__Aim of the exercise__.
Send back the data below exactly. Drop every picture.

__Data in this exercise__.
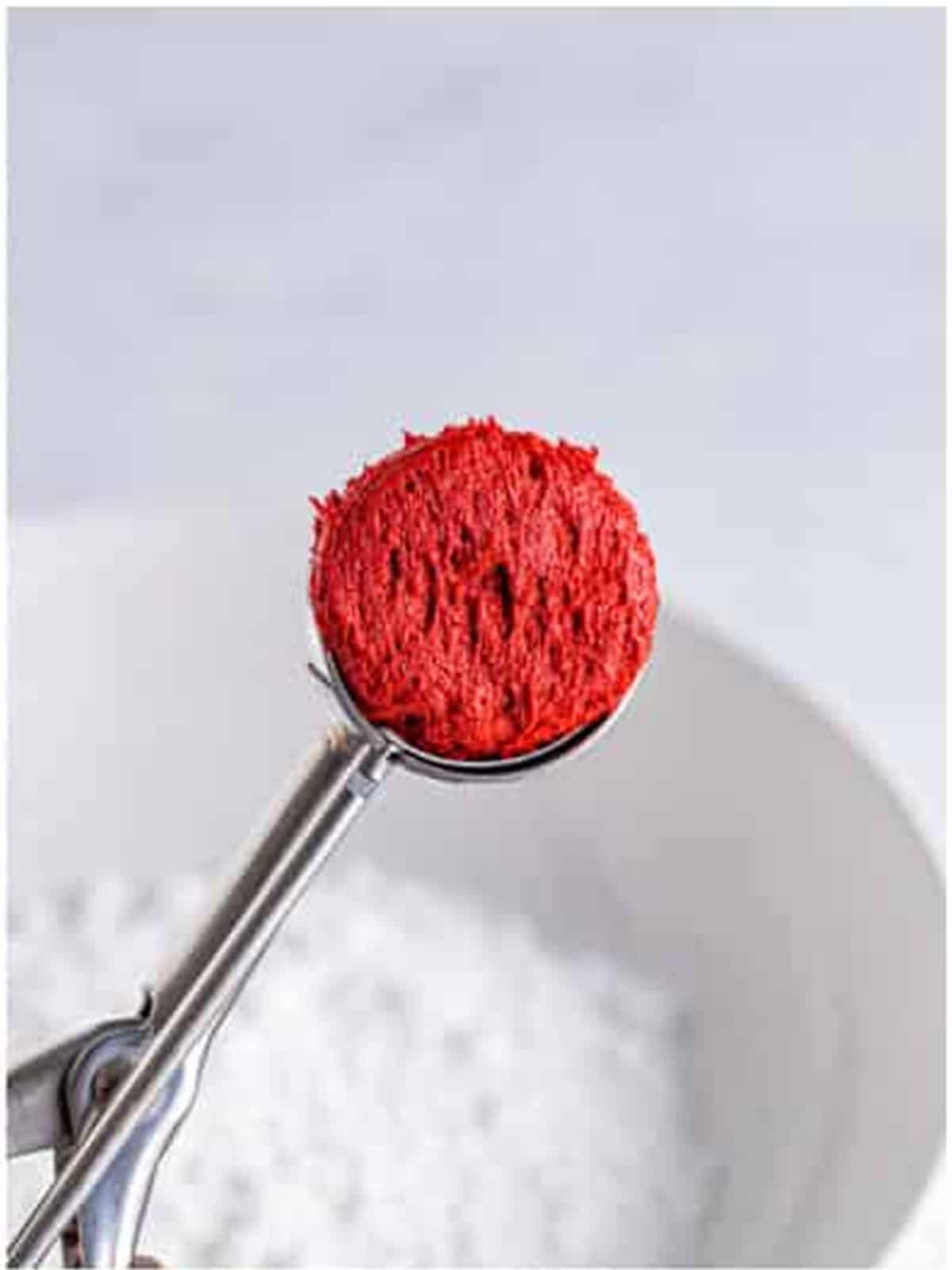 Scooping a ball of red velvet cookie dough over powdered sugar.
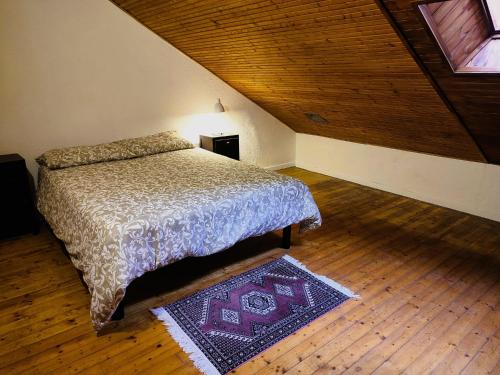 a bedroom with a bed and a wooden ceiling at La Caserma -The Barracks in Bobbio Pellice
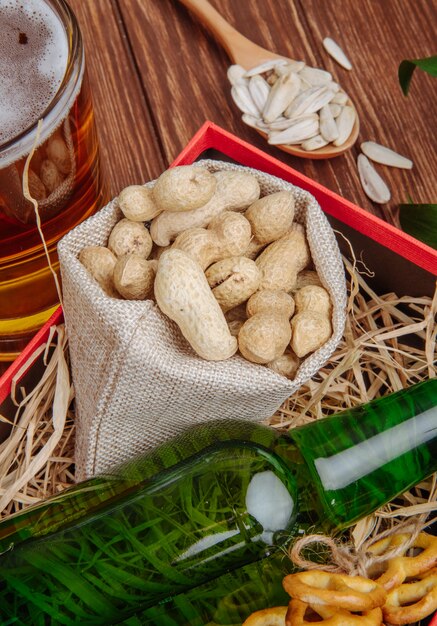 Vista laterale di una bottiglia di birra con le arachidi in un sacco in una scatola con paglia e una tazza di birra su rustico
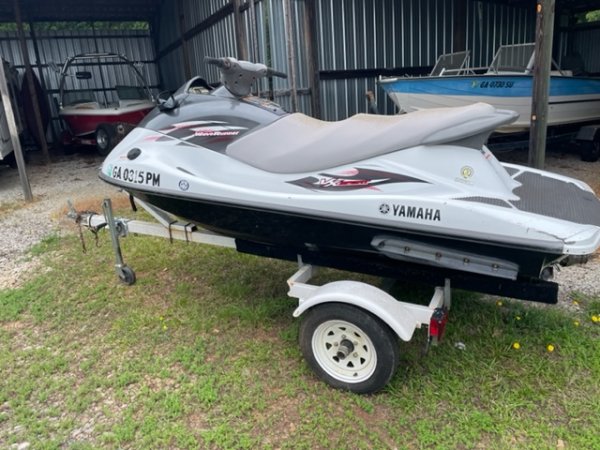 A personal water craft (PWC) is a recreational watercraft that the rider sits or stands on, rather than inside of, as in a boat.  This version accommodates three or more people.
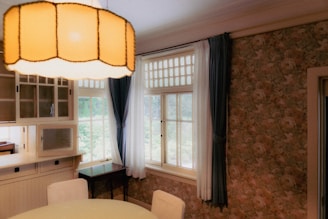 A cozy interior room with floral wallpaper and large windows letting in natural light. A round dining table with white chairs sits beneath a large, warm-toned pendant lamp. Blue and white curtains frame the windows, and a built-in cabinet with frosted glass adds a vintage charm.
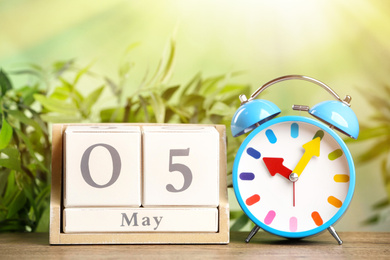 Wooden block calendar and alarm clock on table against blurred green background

__Result below__.
 Scooping a ball of red velvet cookie dough over powdered sugar.
 a bedroom with a bed and a wooden ceiling at La Caserma -The Barracks in Bobbio Pellice
 Vista laterale di una bottiglia di birra con le arachidi in un sacco in una scatola con paglia e una tazza di birra su rustico
 A personal water craft (PWC) is a recreational watercraft that the rider sits or stands on, rather than inside of, as in a boat.  This version accommodates three or more people.
 A cozy interior room with floral wallpaper and large windows letting in natural light. A round dining table with white chairs sits beneath a large, warm-toned pendant lamp. Blue and white curtains frame the windows, and a built-in cabinet with frosted glass adds a vintage charm.
 Wooden block calendar and alarm clock on table against blurred green background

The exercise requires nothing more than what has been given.